**WHAT TO PRODUCE**
Output exactly, and only, the lines below from the one with "Daiwa emblem, Watersport" down to the one with "136 I U Willets Road Old Westbury NY 11568". Include both end lines and no pictures.

**ENTRIES SUPPLIED**

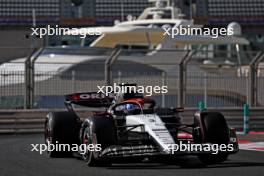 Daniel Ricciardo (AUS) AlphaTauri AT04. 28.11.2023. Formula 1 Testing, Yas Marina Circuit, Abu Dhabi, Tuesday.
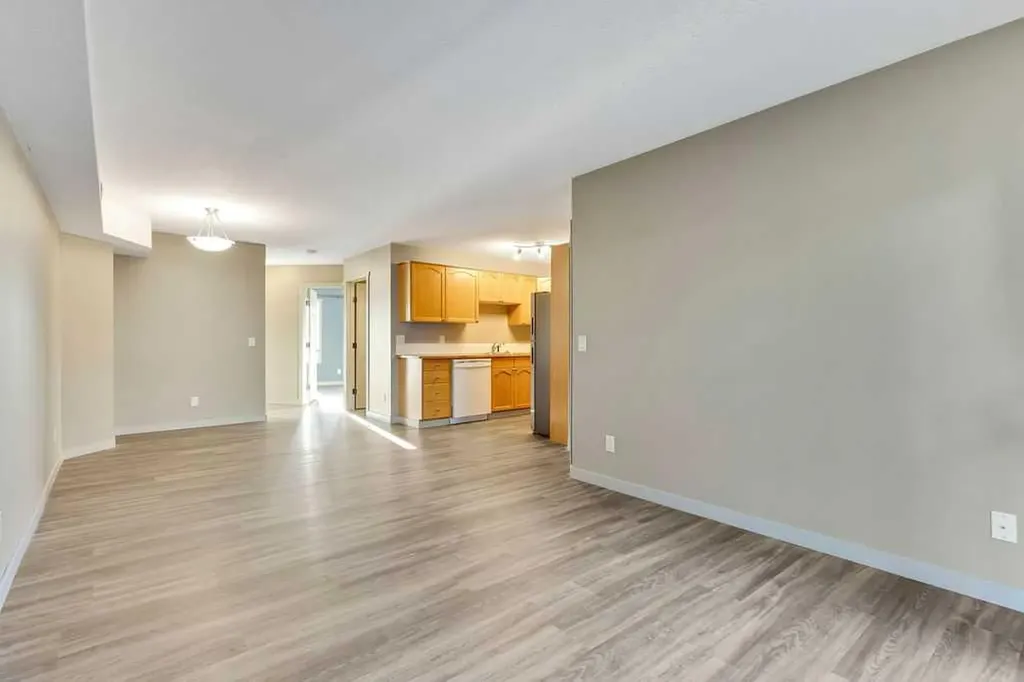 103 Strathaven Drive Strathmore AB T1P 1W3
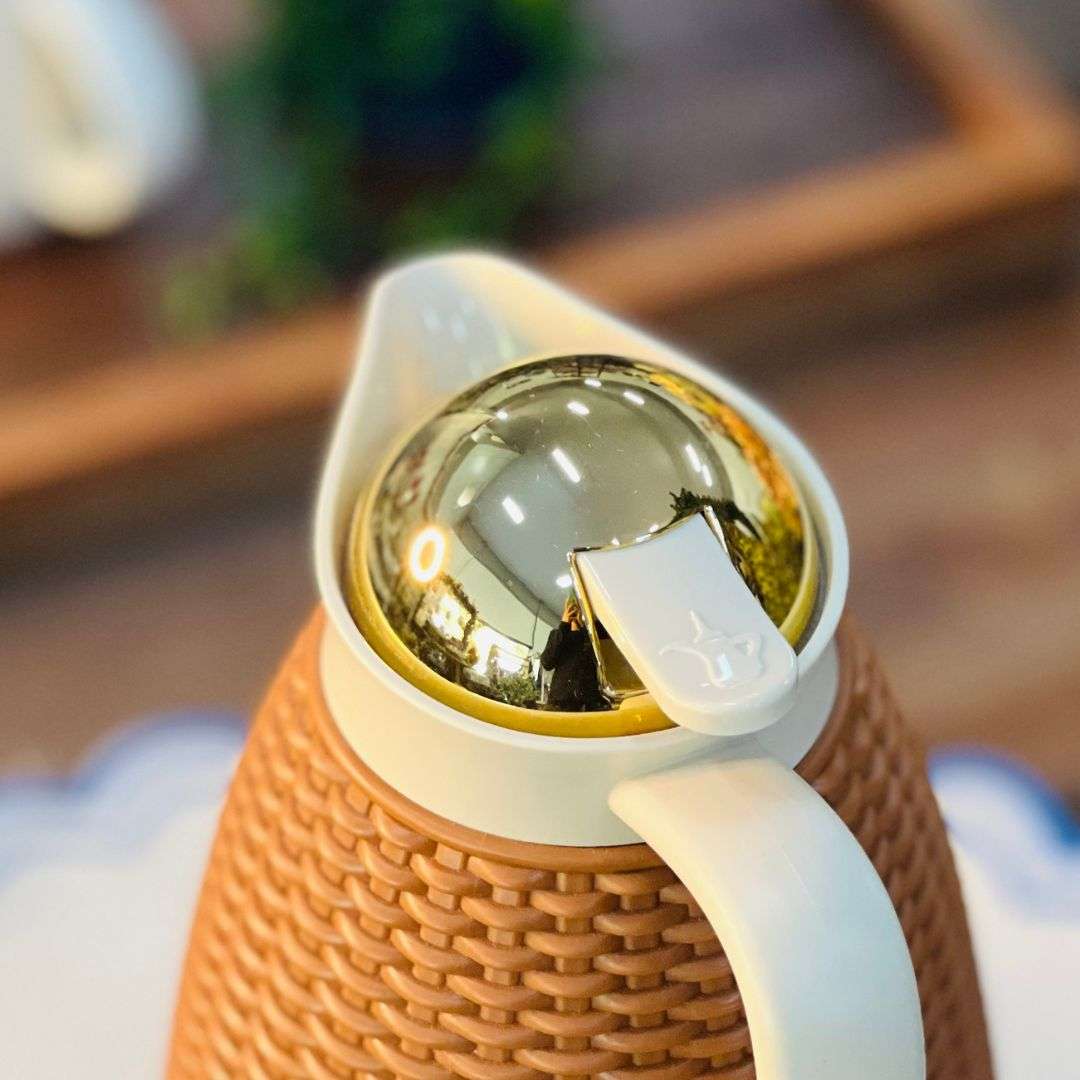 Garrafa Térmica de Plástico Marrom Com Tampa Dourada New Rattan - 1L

...

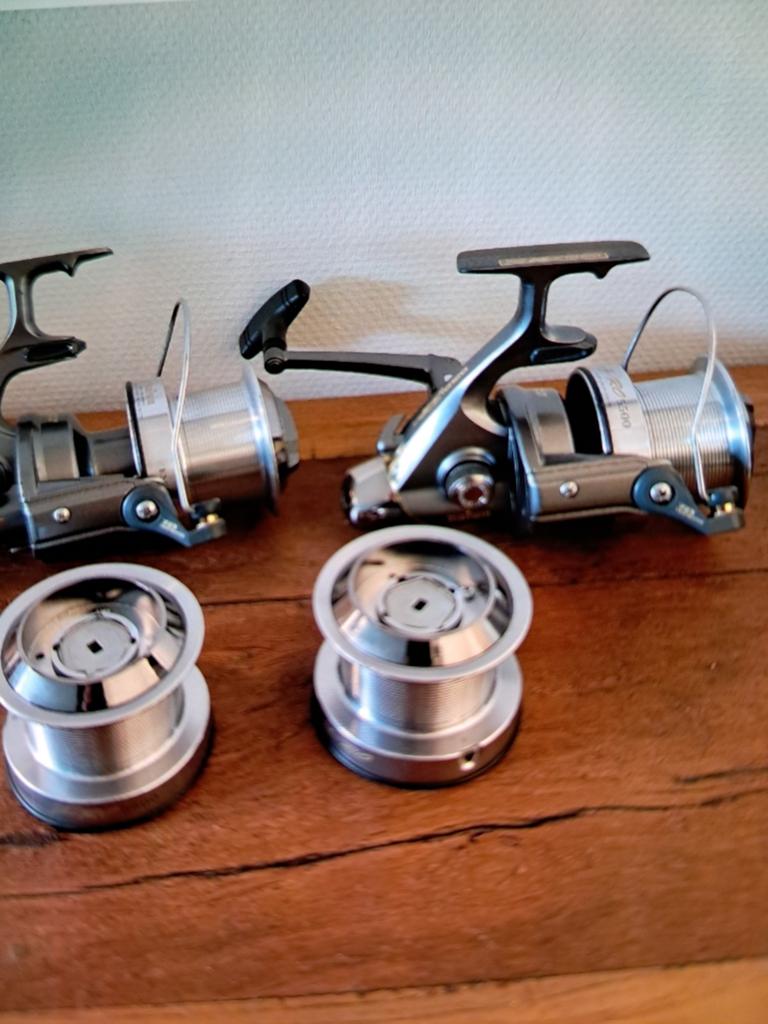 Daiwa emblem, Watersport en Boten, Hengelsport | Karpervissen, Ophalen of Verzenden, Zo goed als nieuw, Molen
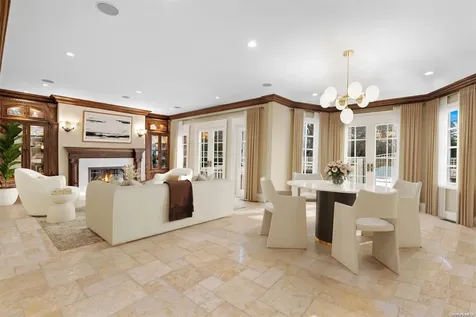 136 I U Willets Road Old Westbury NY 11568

**RESPONSE AREA**
 Daiwa emblem, Watersport en Boten, Hengelsport | Karpervissen, Ophalen of Verzenden, Zo goed als nieuw, Molen
 136 I U Willets Road Old Westbury NY 11568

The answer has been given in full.